> **What you should do**: Look through the material below and copy exactly the lines from the line with "Rahman Geliyor Şiiri" to the line with "Italy - Rare", those two lines included.

BEGIN Entries supplied

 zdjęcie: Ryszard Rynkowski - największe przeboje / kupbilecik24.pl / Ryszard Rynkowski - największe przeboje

END Entries supplied
BEGIN Entries supplied

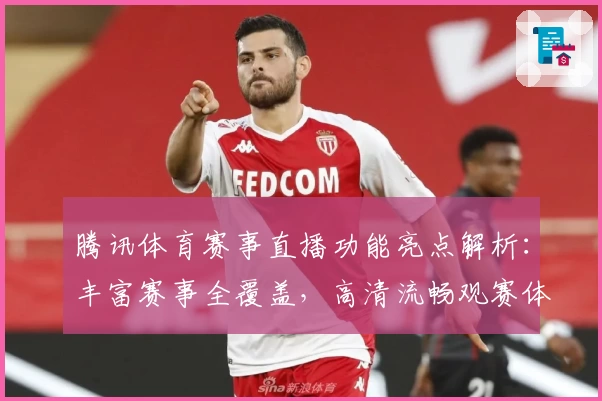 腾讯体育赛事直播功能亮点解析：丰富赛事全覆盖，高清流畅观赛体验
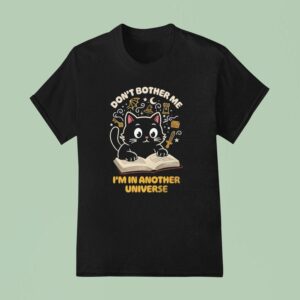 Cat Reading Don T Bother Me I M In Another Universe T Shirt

END Entries supplied
BEGIN Entries supplied

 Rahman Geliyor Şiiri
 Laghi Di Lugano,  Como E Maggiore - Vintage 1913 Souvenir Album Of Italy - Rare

END Entries supplied

> **Solution for this exercise**:
 Rahman Geliyor Şiiri
 Laghi Di Lugano,  Como E Maggiore - Vintage 1913 Souvenir Album Of Italy - Rare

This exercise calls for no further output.